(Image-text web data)
##########
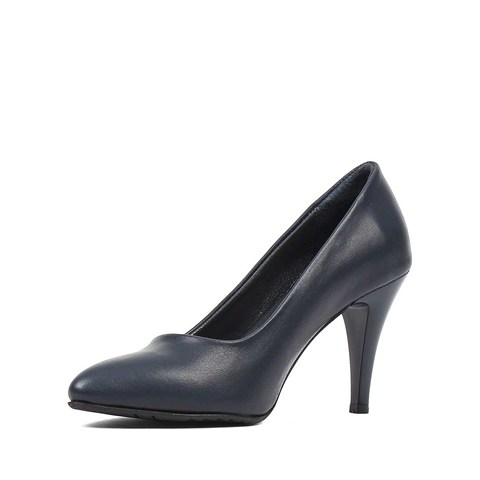 Kadın Lacivert İnce Topuklu Deri Stiletto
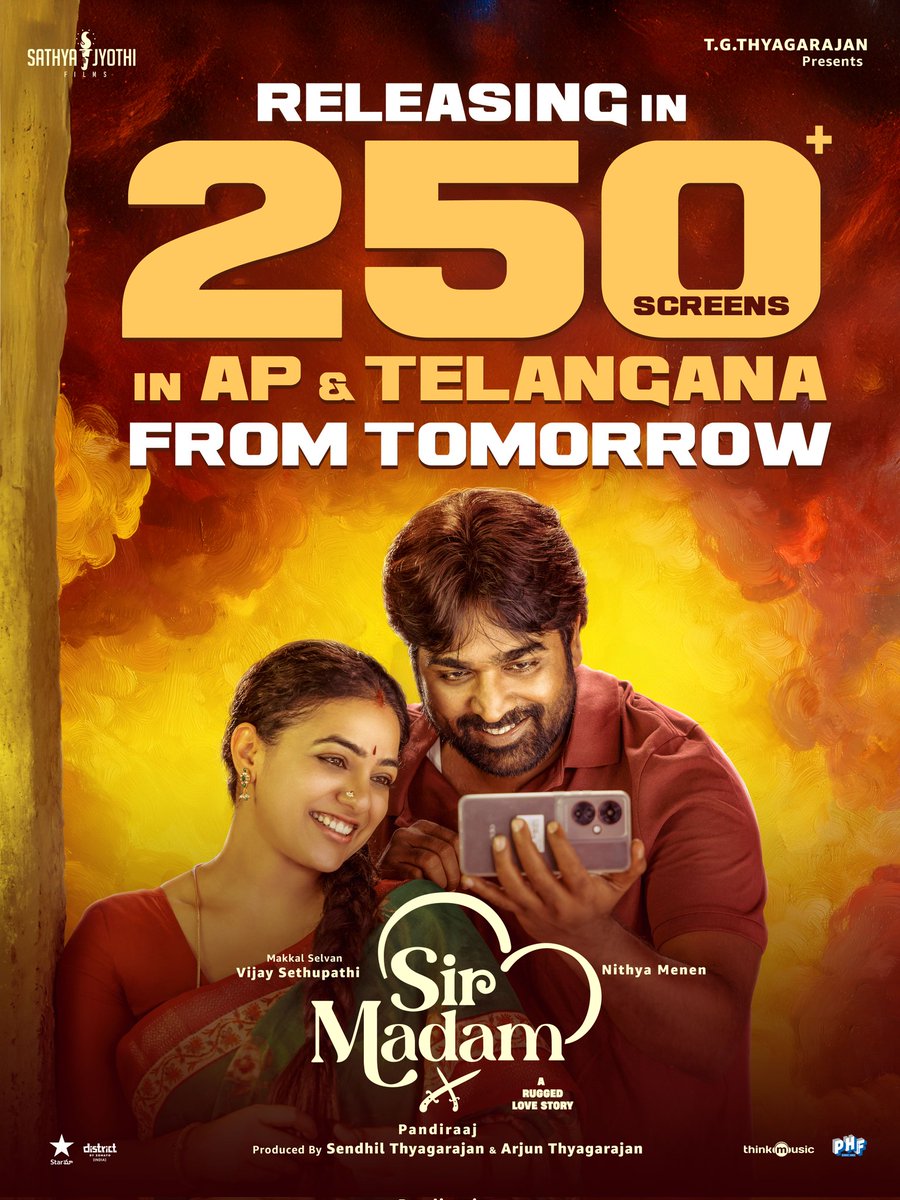 Sathya Jyothi Films (@sathyajyothi) on Twitter photo 250+ screens lo dhamki ready! 🔥
#SirMadam hits AP & Telangana theatres from tomorrow — don’t miss the action-packed ride!
<a href="/VijaySethuOffl/">VijaySethupathi</a> <a href="/MenenNithya/">Nithya Menen</a> <a href="/pandiraaj_dir/">Pandiraaj</a> <a href="/iYogiBabu/">Yogi Babu</a>
<a href="/Music_Santhosh/">Santhosh Narayanan</a> <a href="/Lyricist_Vivek/">Vivek</a> <a href="/thinkmusicindia/">Think Music</a> <a href="/studio9_suresh/">RK SURESH</a>
<a href="/Roshni_offl/">Roshni Haripriyan</a> <a href="/kaaliactor/">Kaali Venkat</a> 250+ screens lo dhamki ready! 🔥
#SirMadam hits AP & Telangana theatres from tomorrow — don’t miss the action-packed ride!
<a href="/VijaySethuOffl/">VijaySethupathi</a> <a href="/MenenNithya/">Nithya Menen</a> <a href="/pandiraaj_dir/">Pandiraaj</a> <a href="/iYogiBabu/">Yogi Babu</a>
<a href="/Music_Santhosh/">Santhosh Narayanan</a> <a href="/Lyricist_Vivek/">Vivek</a> <a href="/thinkmusicindia/">Think Music</a> <a href="/studio9_suresh/">RK SURESH</a>
<a href="/Roshni_offl/">Roshni Haripriyan</a> <a href="/kaaliactor/">Kaali Venkat</a>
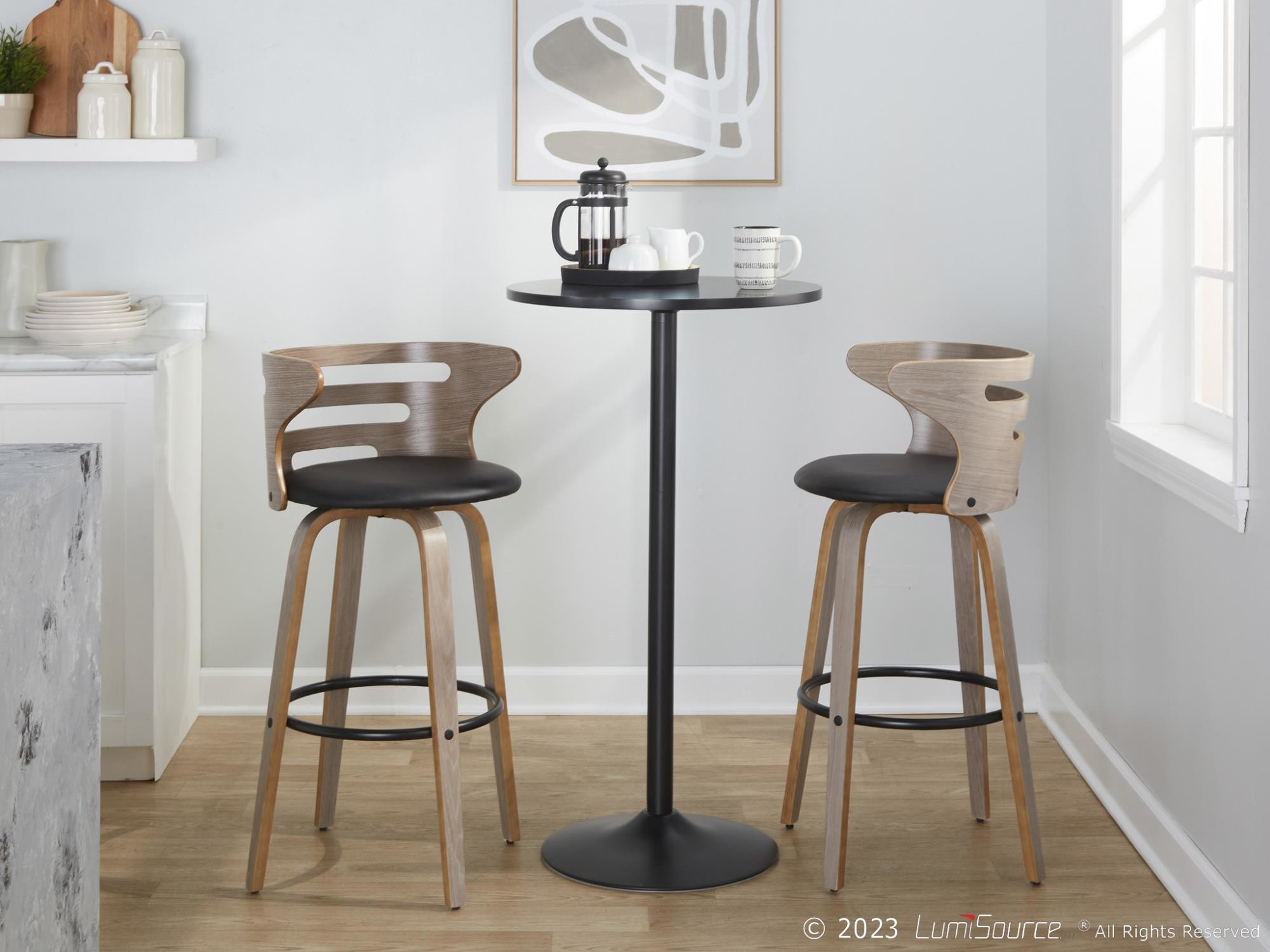 Cosini 30 Mid-Century Modern Swivel Barstool Light Grey (Set of 2) 4 Cosini 30 Mid-Century Modern Swivel Barstool Light Grey (Set of 2) - Image 4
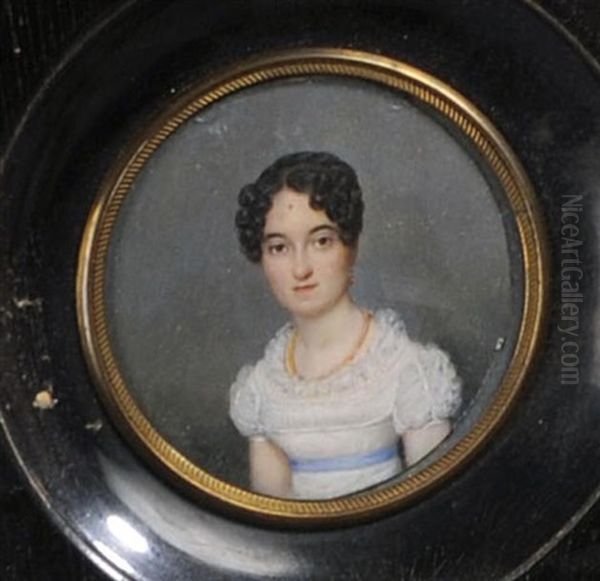 Portrait De Jeune Fille Au Collier Et A La Robe Dentelee - view 1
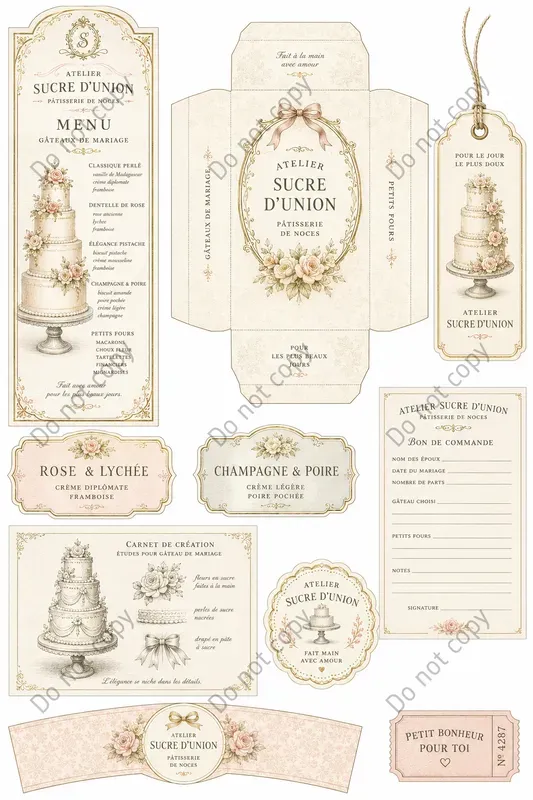 Patisserie Bakery Ephemera Sheets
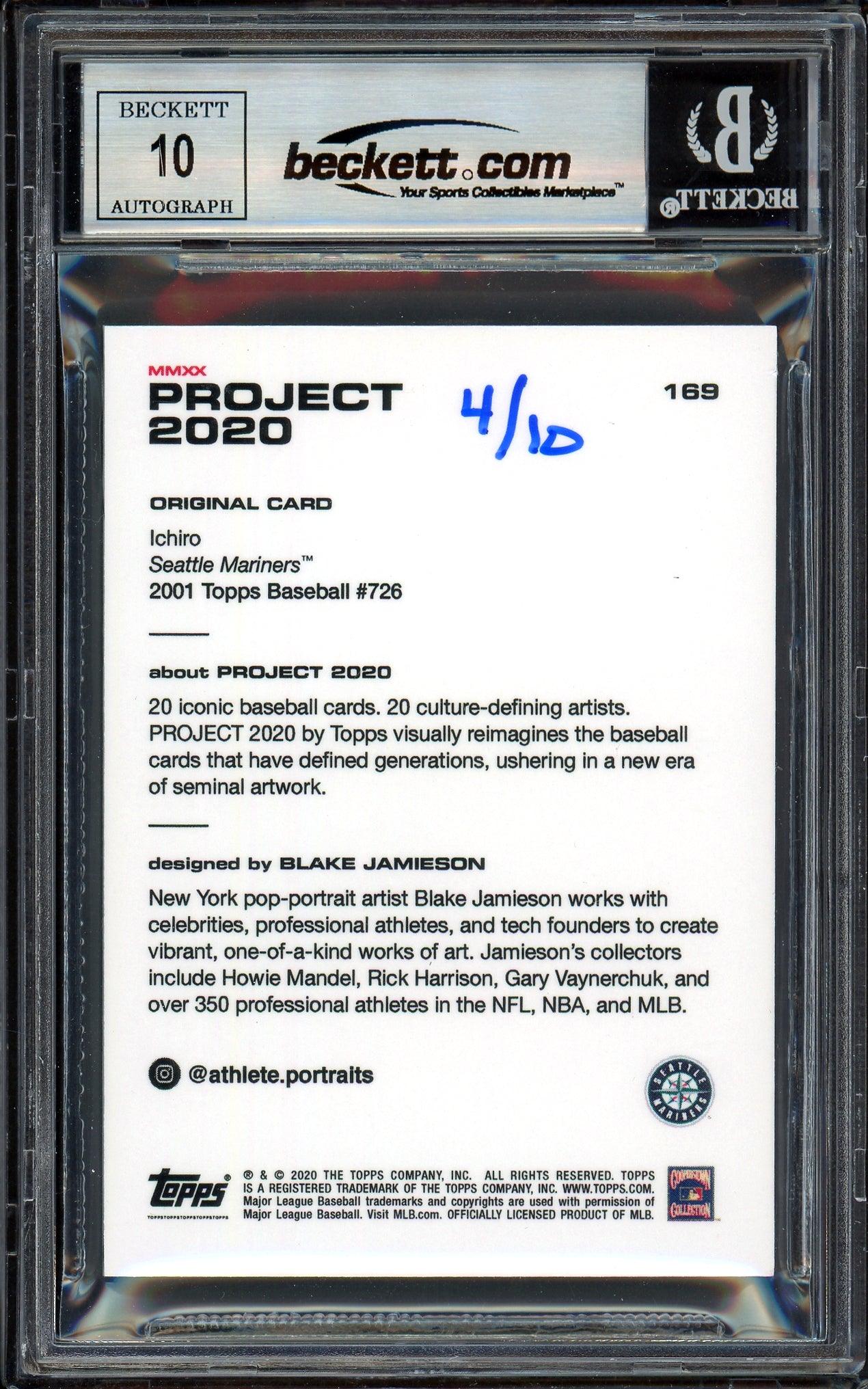 Ichiro Suzuki Autographed Topps Project 2020 Blake Jamieson Card #169 Seattle Mariners Auto Grade Gem Mint 10 Black #/10 Beckett BAS Stock #200986 - Image 2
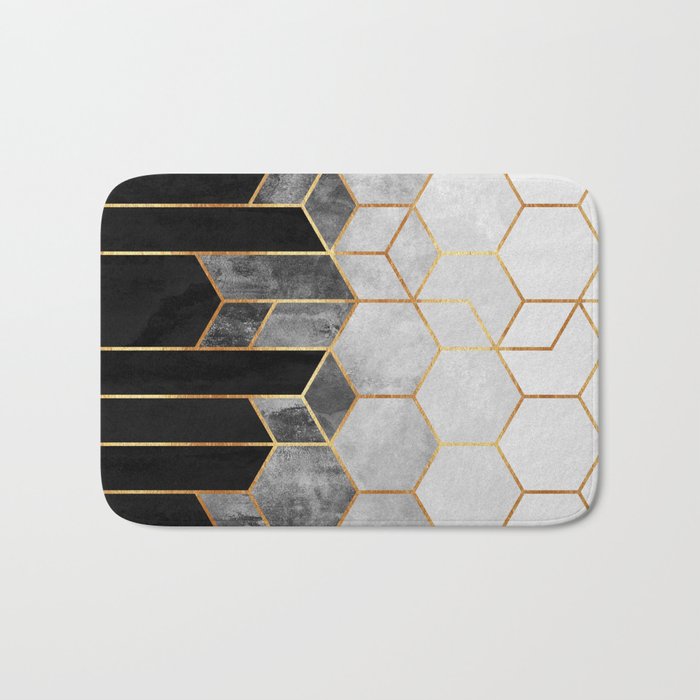 Charcoal Hexagons Bath Mat Gallery Image 1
##########
Instructions for the task
Return one number, the count of lines in the records holding the word "Venkat".

Written reply
2